Travel to South Africa is set to start becoming easier for tourists within a year! The first phase of a new e-visa system will be piloted by 31 March 2019, according to the Department of Home Affairs (DHA).
The DA, which has campaigned for the introduction of electronic visas to make it easier for tourists to visit South Africa, welcomed the news as “a victory for tourism and job creation”.
The DHA’s confirmation came as a response to a DA parliamentary question for written reply. The rollout of phase one will be at a foreign mission, embassy or local DHA office yet to be determined.
The eVisa will introduce online capture of visa and permit applications and capturing of applicant’s biometrics in South Africa and abroad. The applicant will still need to present themselves before a DHA Official for biometric enrolment and verification of the submitted supporting documents. The applicant will be notified of the outcome via email as well as via the application portal, and a secure QR-Code will be printed and sent to approved applicants.
The pilot phase will initially only cover temporary residence visas, adjudication of temporary residence visas, applications for waivers, applicant notifications and biometric details.

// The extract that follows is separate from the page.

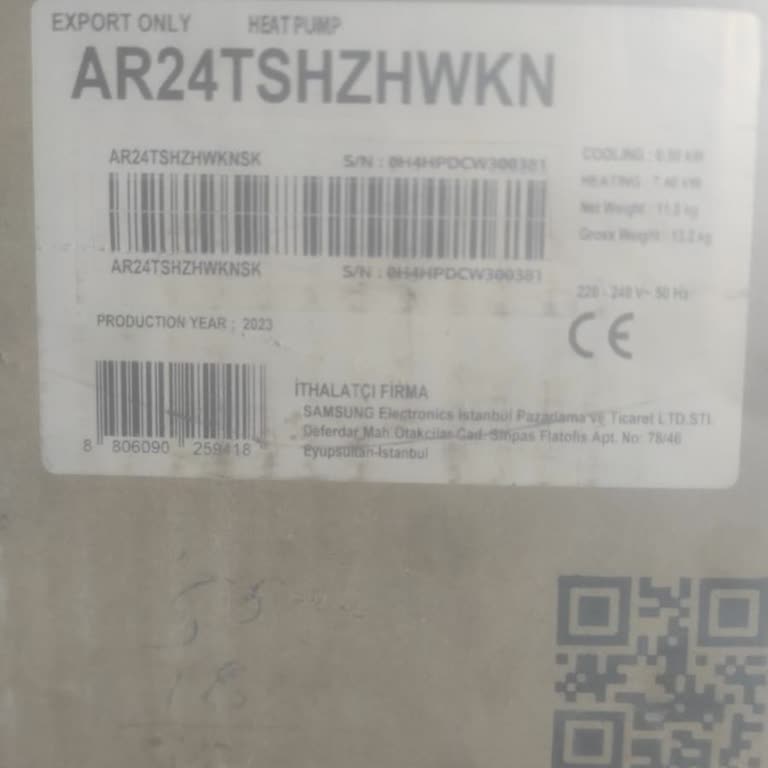 Samsung Klima Servis Sorunları Ve Montaj Sürecindeki Zorluklar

The DHA said: “The ePermit will be piloted at one Mission or local office in the last quarter of the next financial year by 31st March 2019. This is to ensure system stability. Once stable, more offices locally and abroad can then be gradually brought online.”
The DA said electronic visas will boost the tourism industry by cutting turnaround times for the issuing of travel documentation, while ensuring the information of applicants is secure.
It’s hoped that improved tourist arrivals will facilitate more job growth in the industry while guaranteeing job security for 1,4 million South Africans already working in the tourism industry.
“South Africa’s tourism industry is still recovering from the disastrous visa regulation regime and superfluous unabridged birth certificate requirement implemented by Minister Malusi Gigaba in 2015,” said James Vos, DA Shadow Minister of Tourism.
“According to the South Africa Tourism Service Association, these regulations resulted in an estimated R7,5 billion loss to the tourism economy and decrease of close to 600 000 tourists.”
Vos said that since Gigaba has been “parachuted” back to the DHA, it’s hoped he won’t once again “prove to be a stumbling block for growth in the tourism sector by standing in the way of the e-visa system.
“The financial cost of introducing these measures will be much lower than the economic cost of scaring off tourists, trade and investment.”
Vos also took Derek Hanekom, to task, saying the Minister of Tourism “must not bury his head in the sand like he did in 2015 when the disastrous visa regulation were introduced.”